United States District Court, S.D. Georgia, Dublin Division
J. RANDAL HALL, District Judge.
Now before the Court is Defendant's "Motion for a Deinstitutionalization Order." (Doc. 97.) In his Motion, Defendant asks this Court to release him from prison so that he may receive better care and treatment for his mental illness. Because Defendant is ultimately asking fora modification of his sentence, the Court construes his filing as a Motion to Reduce Sentence.

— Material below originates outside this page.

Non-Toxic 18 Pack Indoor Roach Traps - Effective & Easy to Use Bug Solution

Before reaching the merits of his motion, this Courtmust first determine whether it has the power to reconsider Defendant's sentence. The general rule is that "[a] district court may not modify a term of imprisonment once it has been imposed, except where expressly permitted by Federal Rule of Criminal Procedure 35 or by 18 U.S.C. § 3582, and a district court lacks "inherent power' to resentence a defendant." United States v. Barsena-Brito, 374 F.Appx. 951, 951 (11th Cir. 2010) (citing United States v. Diaz-Clark, 292 F.3d 1310, 1315 (11th Cir. 2002)). Therefore, this Court must analyze whether either Rule 35 or 18 U.S.C. § 3582 are applicable to the facts of this case.

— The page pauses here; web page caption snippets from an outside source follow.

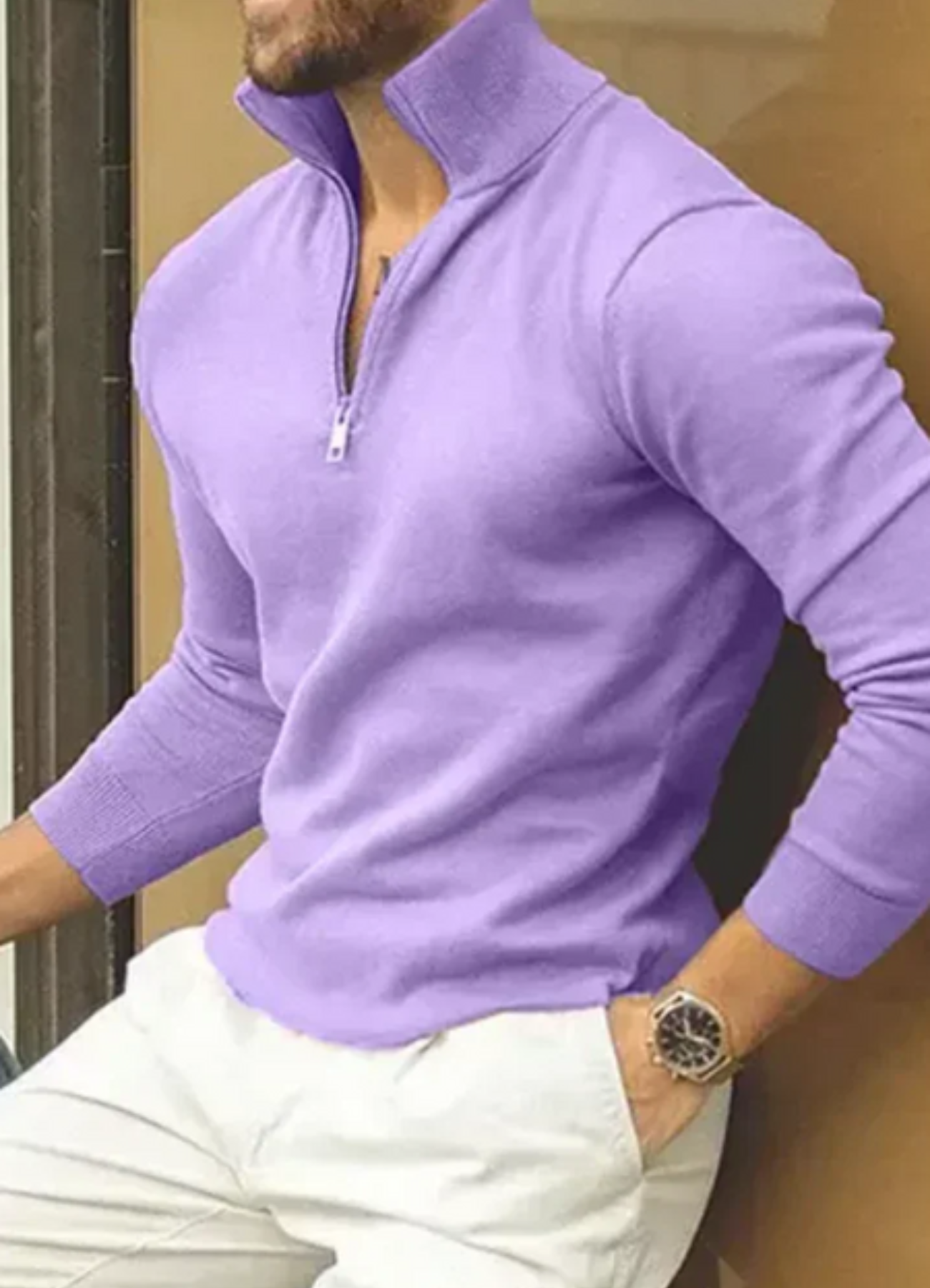 Fareed | Pull À Zip Décontracté Pour Hommes | Confortable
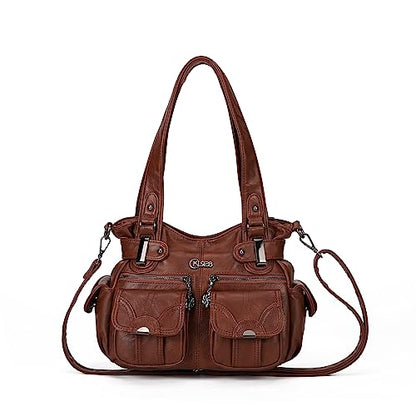 KL928 Women's Shoulder Purse Large Hobo Tote PU Leather Multi-Pocket Bag - color: Small#chestnut Brown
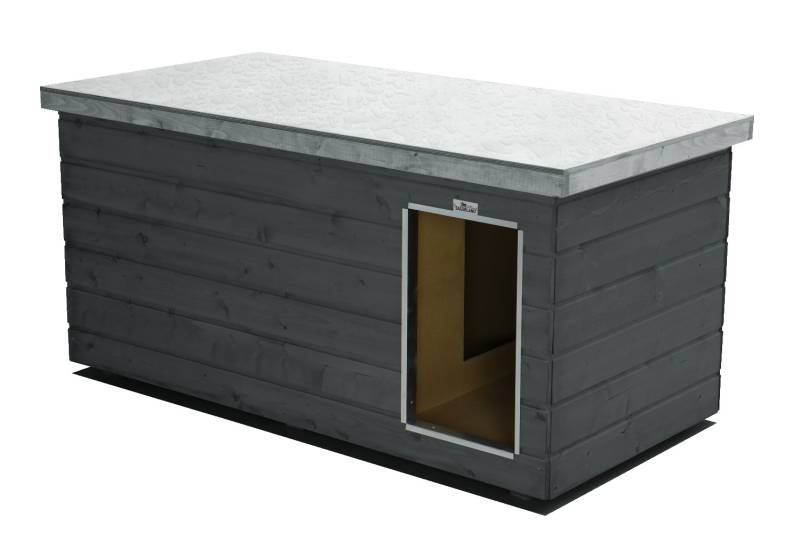 Original SAUERLAND Holz-Hundehütte mit Vorraum, graphitgrau/platingrau | Flachda...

Under Rule 35(a), a district court may "correct a sentence that resulted from arithmetical, technical, or other clear error" within fourteen days after sentencing. Fed. R. Crim. P. 35(a). The Court sentenced Defendant on June 26, 2007, and he filed the present motion on April 9, 2015. This time frame clearly falls outside the fourteen-day window, and therefore this Court does not have the power to review the sentence under Rule 35(a). Under Rule 35(b), the government may move for a reduction of a defendant's sentence based on substantial assistance provided by the defendant. Fed. R. Crim. P. 35(b). However, no such motion has been filed by the government in this case.

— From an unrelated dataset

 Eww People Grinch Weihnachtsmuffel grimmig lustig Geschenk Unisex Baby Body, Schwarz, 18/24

The only additional authorization for a district court to modify a sentence is upon: (1) a motion by the Bureau of Prisons based on extraordinary circumstances or in cases involving an elderly prisoner; or (2) a retroactive amendment to the guidelines that lowers the sentencing range of the defendant. 18 U.S.C. § 3582(c). However, these requirements are not satisfied in the present action. The Bureau of Prisons has not moved to reduce Defendant's imprisonment based on extraordinary circumstances or age. Moreover, there is no applicable change in the sentencing guidelines that has reduced Defendant's guideline range. As such, the Court does not have the power under 18 U.S.C. § 3582(c) to review Defendant's sentence.
Based on the foregoing, Defendant's Motion for a Deinstitutionalization Order (doc. 97), which the Court construes as a Motion ...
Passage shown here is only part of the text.